CMSC {2,3}3710: Scientific Visualization / Grading Code

Main Syllabus Literature Svn Grading Code

In addition to the basic algorithmic and mathematical elements of scientific visualization, this class also strives to teach some aspects of software development, particularly for the setting of using a low-level language like C for computationally intensive problems. How to grade this kind of code is its own challenge. This page outlines the approach this class has settled on, with the goals of fairness (everyone is graded the same), meaningfulness (grading measures significant not accidental code properties), relevance (what's learned can be used outside this class), and scalability (process works for large classes).
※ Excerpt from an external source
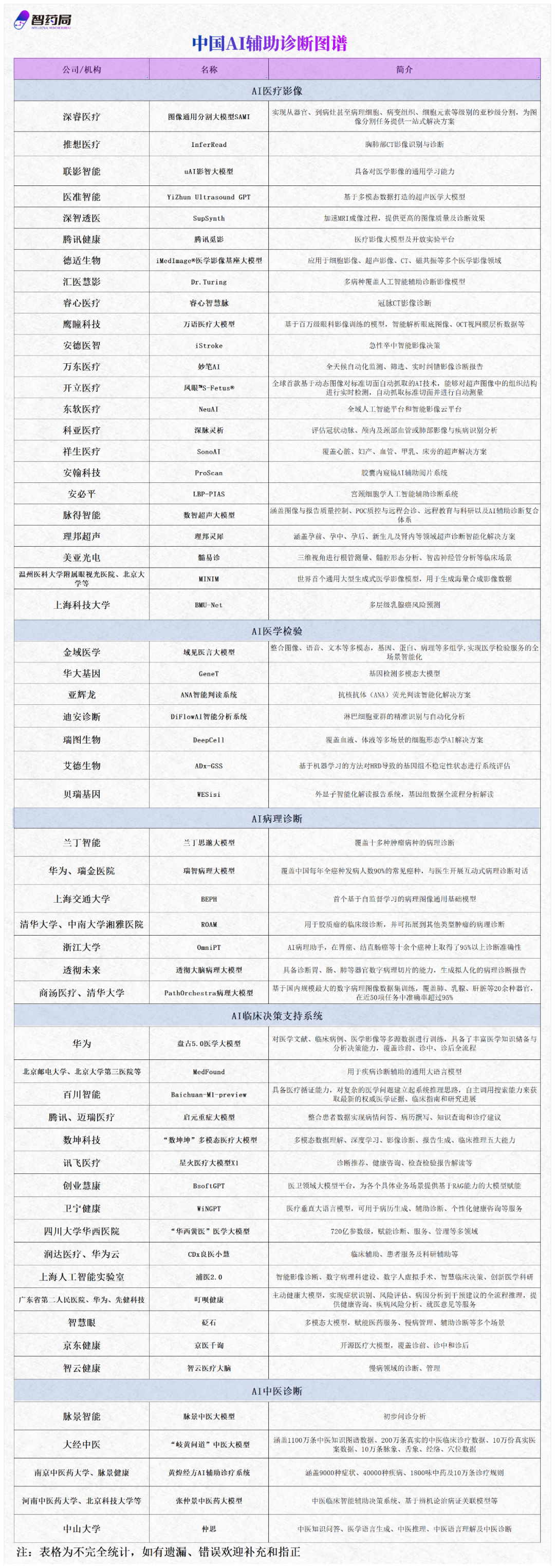 张文宏最新发声：反对将AI引入医院诊疗！这个千亿赛道，超过60家中国企业布局！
Note that in 2023 and earlier offerings of the class, this information was conveyed via one of the pre-recorded videos ("2A-CodeGrade"), but this page is faster to read and easier to update.

Overview

Code grading in this class is organized into three aspects of consideration, which seek to answer useful questions about your code:

Correctness: Did your code compute correct results, within a reasonable amount of time? This is based on running the grade/go automated tests on CSIL Macs. Additional correctness tests may be quantitatively timed, meaning that the execution time itself is graded.
Cleanliness: how cleanly does your code compile and run? In general, your code won't live in an island: it will be used by other people, in bigger contexts. Cleanliness tries measure how well your code plays well with others. Memory leaks are one example of a cleanliness deduction. This is evaluated by running the grade/clean automated tests on linux.cs.uchicago.edu.
Thoughtfulness Is this code the product of your own careful and intentional work? Uncommented code has low thoughtfulness, as does code generated by hurried copy-and-pasting. This is evaluated by human reading your code and editing the grade/thought file, in which you can read the items being considered.

The relative weights of correctness, cleanliness, and thoughtfulness are determined by the correctness score, in a way that is visualized by the following: plot of how correctness determines weighting of correctness,
cleanliness, and thoughtfulness

plot of how correctness determines weighting of correctness,
cleanliness, and thoughtfulness

Or mathematically:

If correctness below 60%, the grade is simply correctness. This happens when you weren't able to start the assignment soon enough to complete all the important parts.
If the correctness is 100%, the grade is 70% correctness, 15% cleanliness, and 15% thoughtfulness.
Else, the grade is a linear blend (via lerp) between the 60% and 100% cases.

It is always in your interest to improve your correctness score if possible; that will never lower your grade. But it is impossible to get a great grade if you ignore cleanliness and thoughtfulness.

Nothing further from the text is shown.